Mr Ilott: I think that the service industries
in general and the creative industries in particular, and within
the creative industries especially film, are not really taken
very seriously at public policy level. Can I quote from a recent
paper from the economist Professor Alan Freeman where he says:
"Economists tend to react strongly against the idea that
the cultural and creative sector is analogous to an industry.
They cling to industrial classifications they regard as tried
and tested, organised around different types of material production.
The cultural and creative sector is seen as a seven-day wonder
soon to disappear along with `knowledge industries', `bioscience'
and all other such transitory fancies." He goes on to say:
"All basic elements of the economy are being re-shaped: its
markets, its industrial structures and its property relations.

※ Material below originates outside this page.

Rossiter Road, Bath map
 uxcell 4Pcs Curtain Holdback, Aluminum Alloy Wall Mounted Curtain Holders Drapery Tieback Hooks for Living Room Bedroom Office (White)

I venture that the cultural and creative sector is a prototype
of this reshaping, a paradigmatic industry which has refined and
organised the use of creative labour on a new level, providing
a model of organisation which a much wider range of service industries
are now following." Alan Freeman's paper really addresses
the neglect by the academic community of this sector. As I am
sure you know, small and medium-sized enterprises constitute 90
per cent of our economy in terms of number of enterprises (not
by employment but the majority by employment) and the problem
we have with it not being taken sufficiently seriously is that
we have suffered a bit from neglect and lack of support, which
Michael and others have addressed, but also a lack of demand and
a lack of rigour. I think we are allowed to get away with things
because we are not properly supported. The latest evidence for
that is Stephen Carter's report on Digital Britain, which
makes enormous claims which I agree with about the significance
of what is happening in digital media but where it comes to the
training and skills part of that report it provides a very nugatory
proposal for investment in providing necessary solutions. I would
like to see that attitude change.
Q1330 Chairman: That is very helpful.
Thank you again very much for your evidence. I think we may need
to follow up with you one or two of the points that you have made
and perhaps we could do that by correspondence. Thank you very
much for coming this morning and for giving your time to this
inquiry. Mr Kuhn, do we see you next week?
Mr Kuhn: No, I promise, never again.
Chairman: You are very welcome any time you
feel like coming. Thank you very much indeed.